- What to do -
The result should be an exact copy of only the lines from the one with "Vibrant Orange Women's" through the last line of the data below, with pictures omitted.
--------------------------------
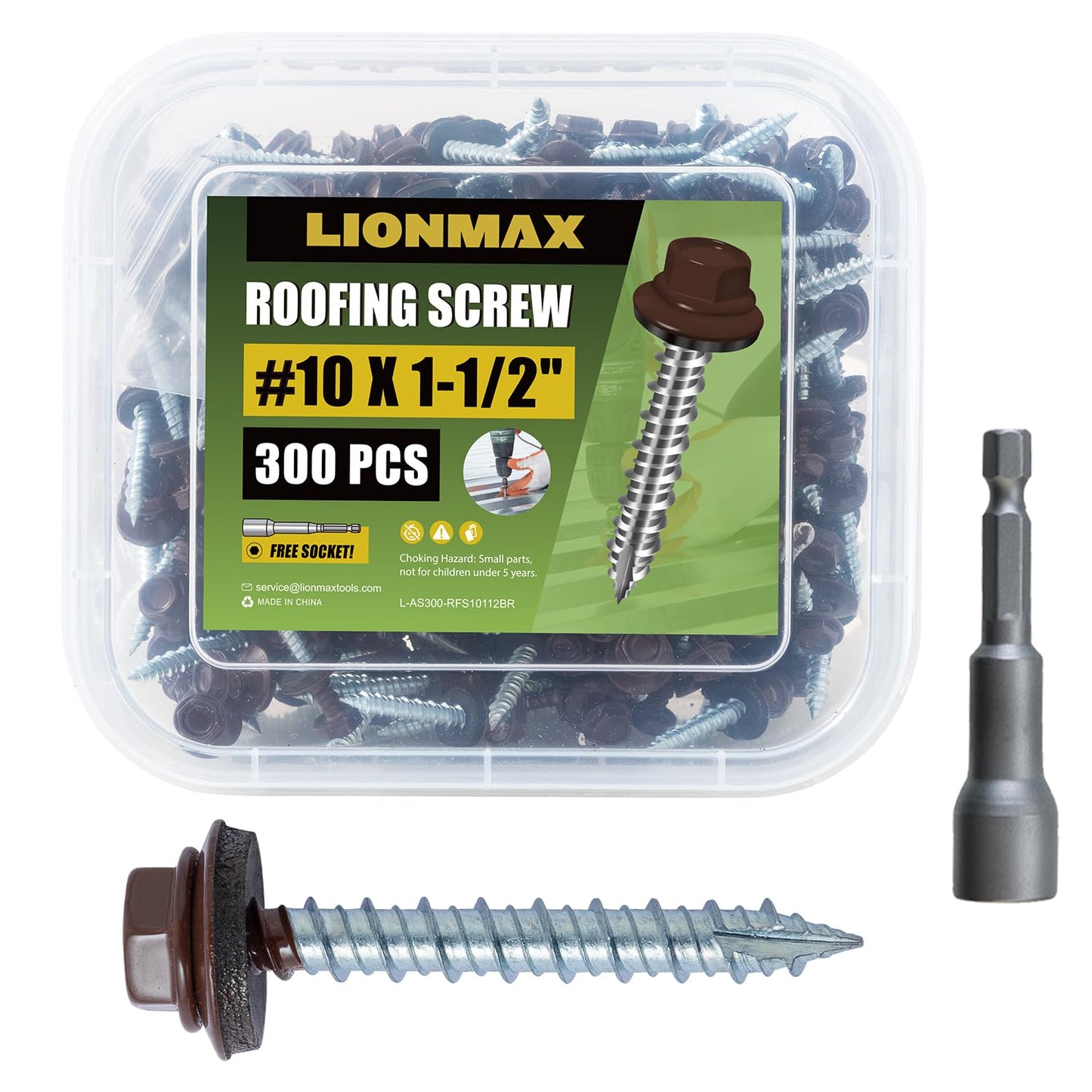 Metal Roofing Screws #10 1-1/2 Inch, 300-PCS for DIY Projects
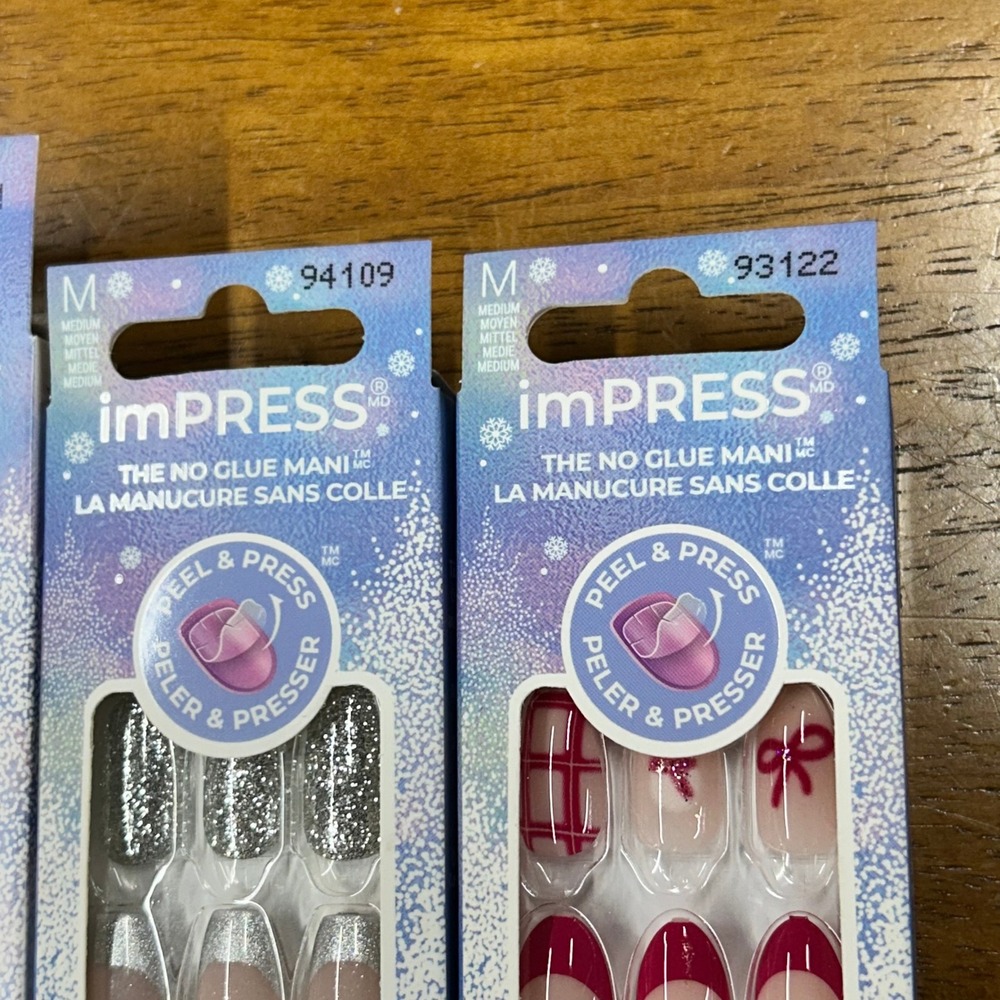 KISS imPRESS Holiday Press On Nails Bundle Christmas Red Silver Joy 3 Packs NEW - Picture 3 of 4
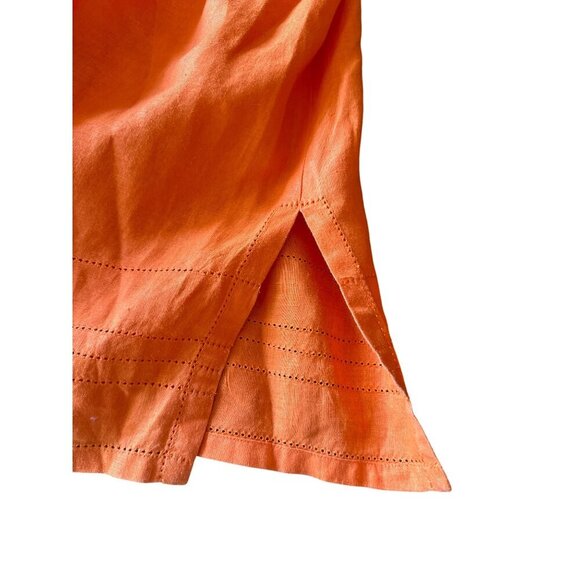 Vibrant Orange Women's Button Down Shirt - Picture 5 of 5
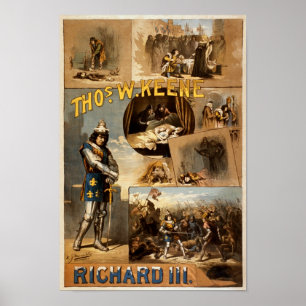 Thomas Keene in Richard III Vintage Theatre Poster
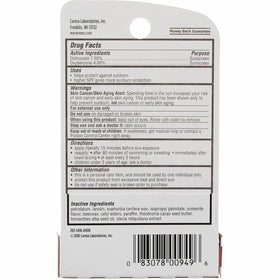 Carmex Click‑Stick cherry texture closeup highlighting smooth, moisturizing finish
--------------------------------
- Completed task -
 Vibrant Orange Women's Button Down Shirt - Picture 5 of 5
 Thomas Keene in Richard III Vintage Theatre Poster
 Carmex Click‑Stick cherry texture closeup highlighting smooth, moisturizing finish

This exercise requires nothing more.